Special Series Part 5:  How to find "commercially reasonable" valuation in power contract terminations.

Fortnightly Magazine - May 2005

It is clear that counterparties will differ widely in their view of "commercially reasonable valuation" with current levels of guidance. This is not beneficial to the market; markets thrive in an environment of legal certainty and well-defined standardized contracts. Termination should be a contractual right, not a litigious and confusing chore. As things now stand, the latter reigns.

 

A Reference: Reading the Fine Print

The murky legal language in the most heavily used power trading contracts is the source of many contentious legal battles among utilities. 

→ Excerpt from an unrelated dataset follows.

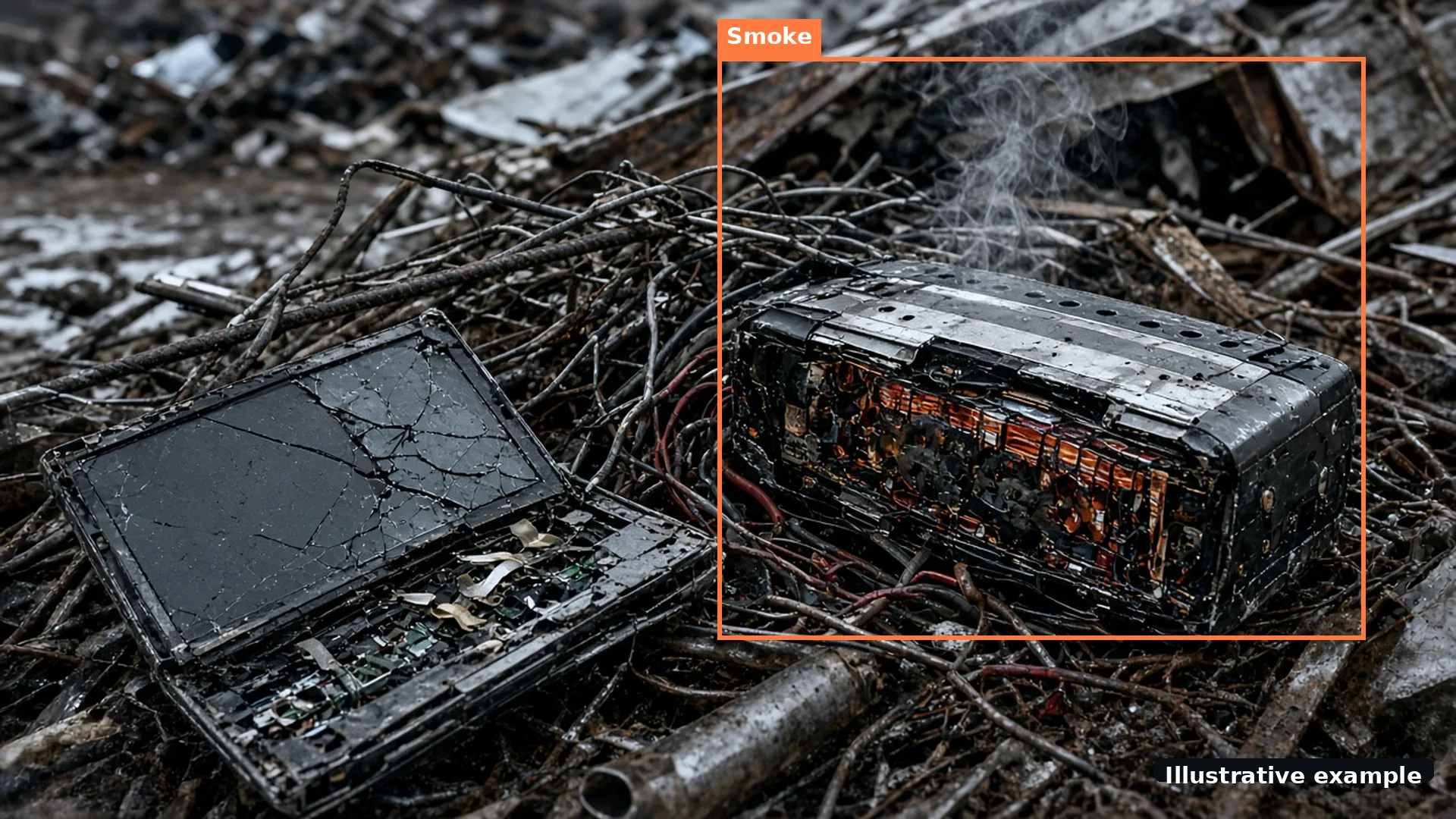 Illustrative image of a crushed laptop and a damaged battery pack in a scrap pile with a faint wisp of smoke, marked with a smoke detection box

I. The ISDA Master Agreement

The International Swaps and Derivatives Association Inc. (ISDA) Master Agreement governs the trading of financially settled contracts in the electricity trading industry. Section 6e of the 2002 ISDA Master Agreement provides guidance regarding the calculations of settlement amounts following an event of default and subsequent termination. Specifically, the “close-out amount” definition in Section 14 of the 2002 ISDA Master Agreement is particularly relevant (italics not in original):

• “Any Close-out Amount will be determined by the Determining Party (or its agent), which will act in good faith and use commercially reasonable procedures in order to produce a commercially reasonable result. … Each Close-out Amount will be determined as of the Early Termination Date or, if that would not be commercially reasonable, as of the date or dates following the Early Termination Date as would be commercially reasonable.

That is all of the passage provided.